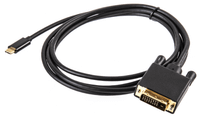 cable innobo usb tipo c a dvi 4k 30hz 2m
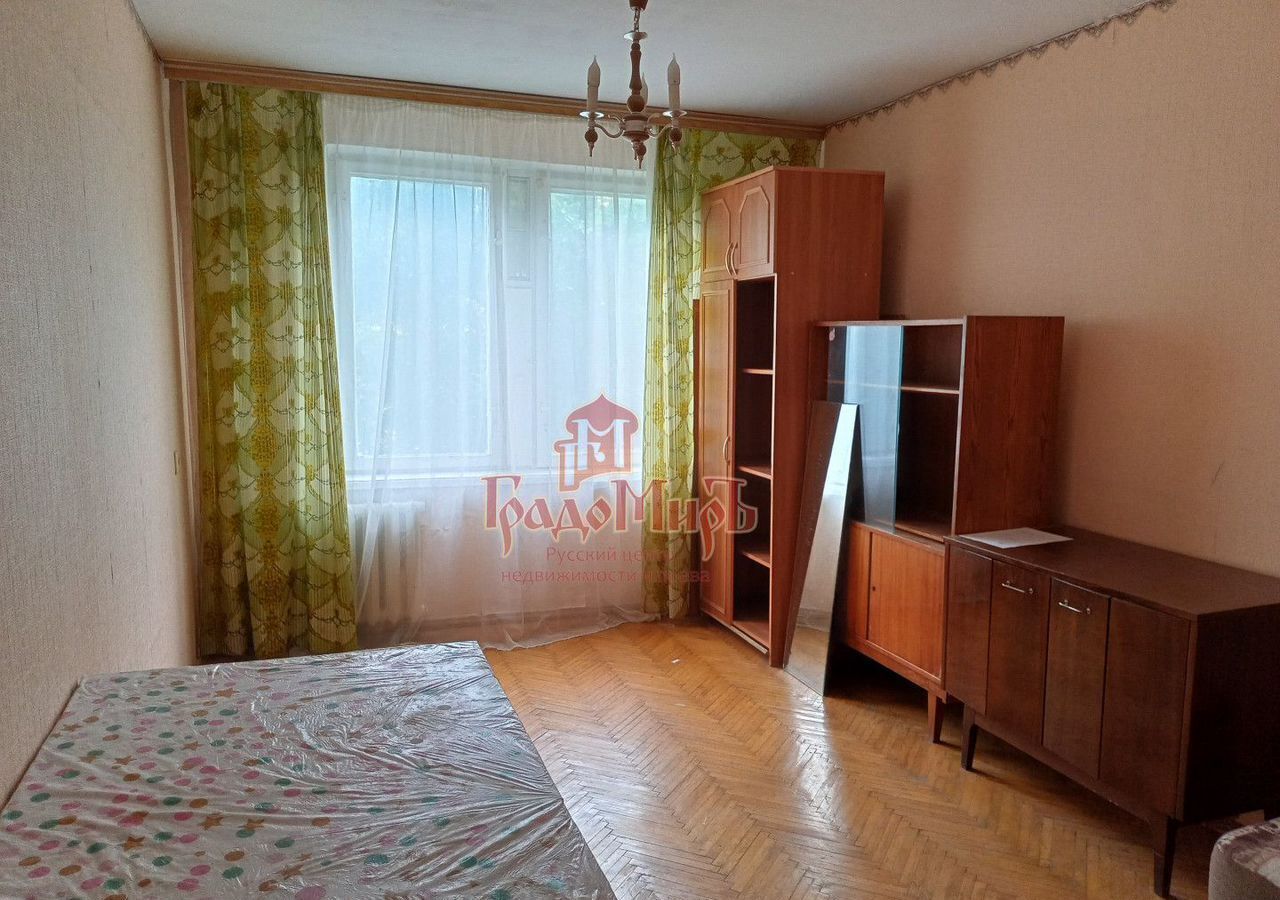 квартира г Сергиев Посад ул Солнечная 2 Сергиево-Посадский г. о. фото 1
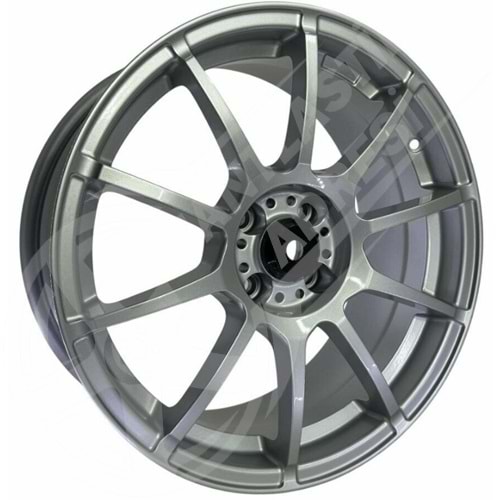 7.5X17 PCD 4X108 GZM-1176 Silver Sparco ET20 65.1 7.5X17 PCD 4X108 GZM-1176 Silver Sparco ET20 65.1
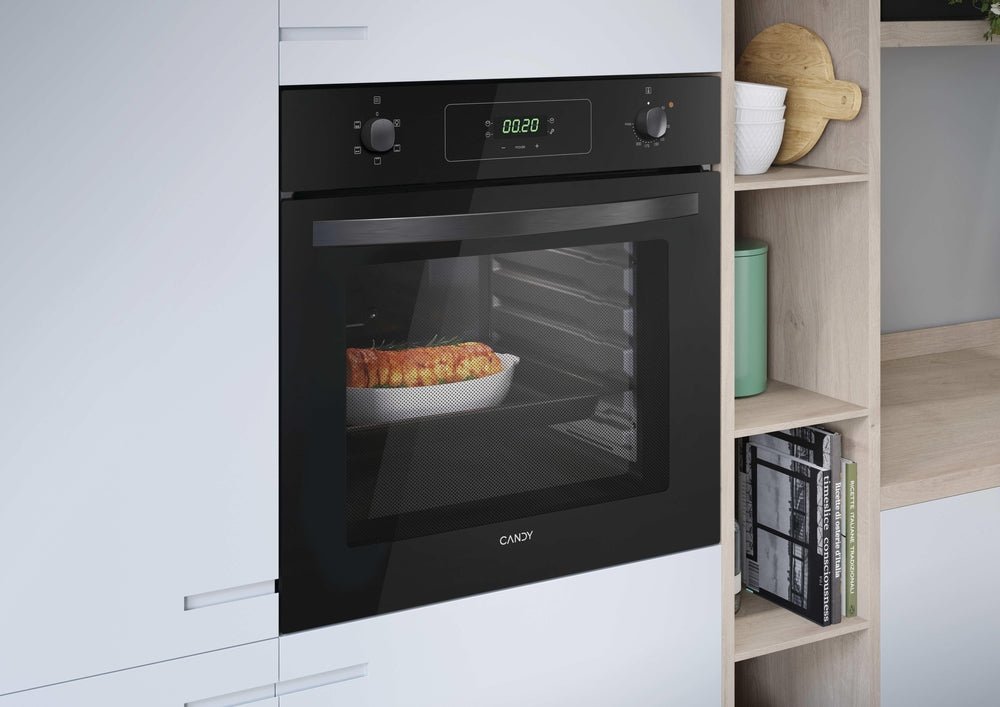 Candy F IDC N265 Einbaubackofen Klasse A - MEGART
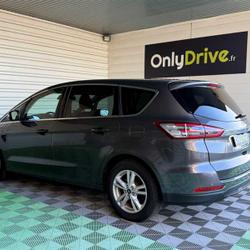 Ford S Max 2.0 TDCI Titanium Saint-Fulgent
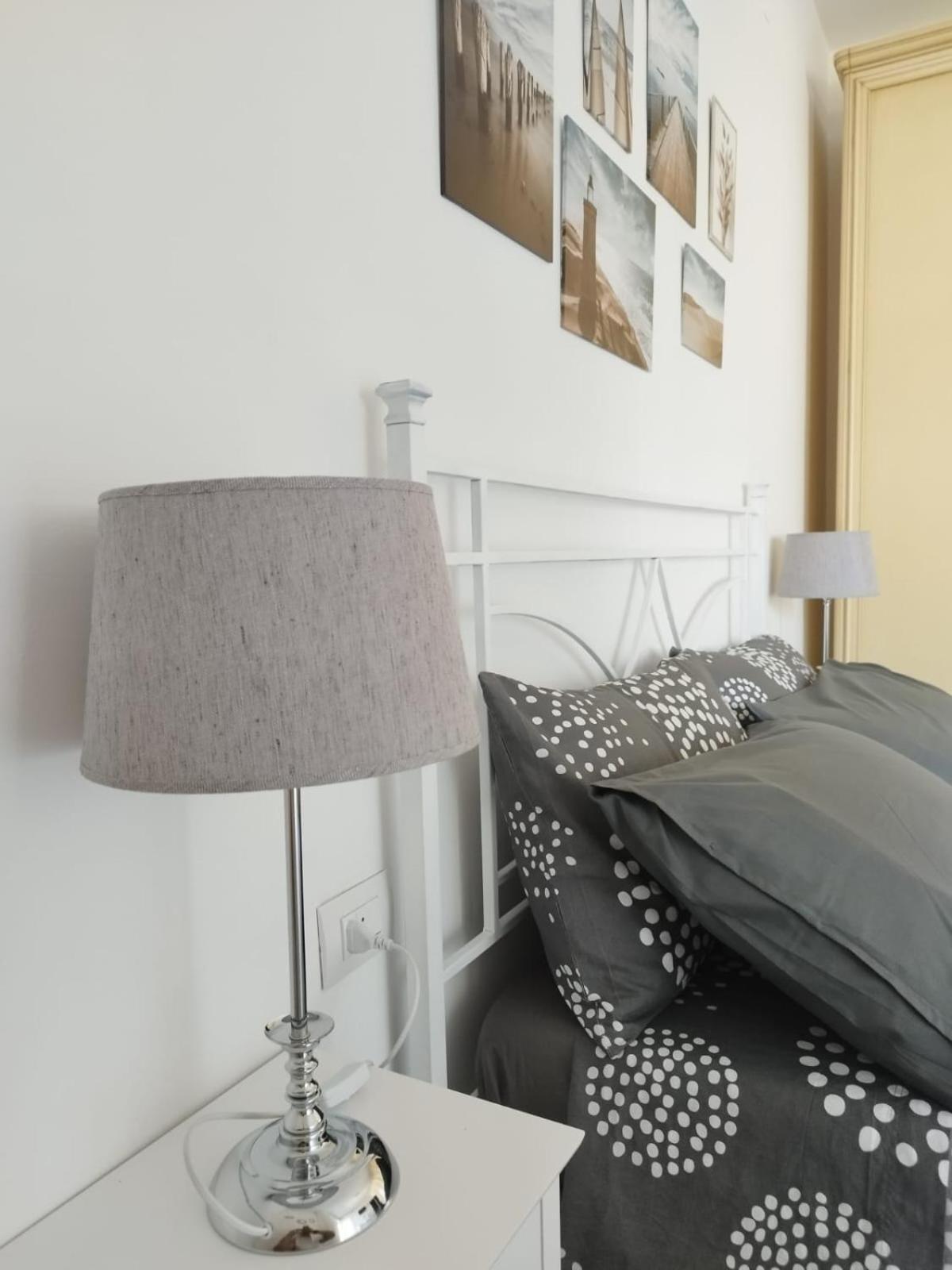 B&B Casa Balai 72 A 100 Mt Dal Mare Porto Torres Bagian luar foto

**TASK DETAILS**
Retype all of the listing above exactly, but keep its pictures out.

**ANSWER TO THIS TASK**
 cable innobo usb tipo c a dvi 4k 30hz 2m
 квартира г Сергиев Посад ул Солнечная 2 Сергиево-Посадский г. о. фото 1
 7.5X17 PCD 4X108 GZM-1176 Silver Sparco ET20 65.1 7.5X17 PCD 4X108 GZM-1176 Silver Sparco ET20 65.1
 Candy F IDC N265 Einbaubackofen Klasse A - MEGART
 Ford S Max 2.0 TDCI Titanium Saint-Fulgent
 B&B Casa Balai 72 A 100 Mt Dal Mare Porto Torres Bagian luar foto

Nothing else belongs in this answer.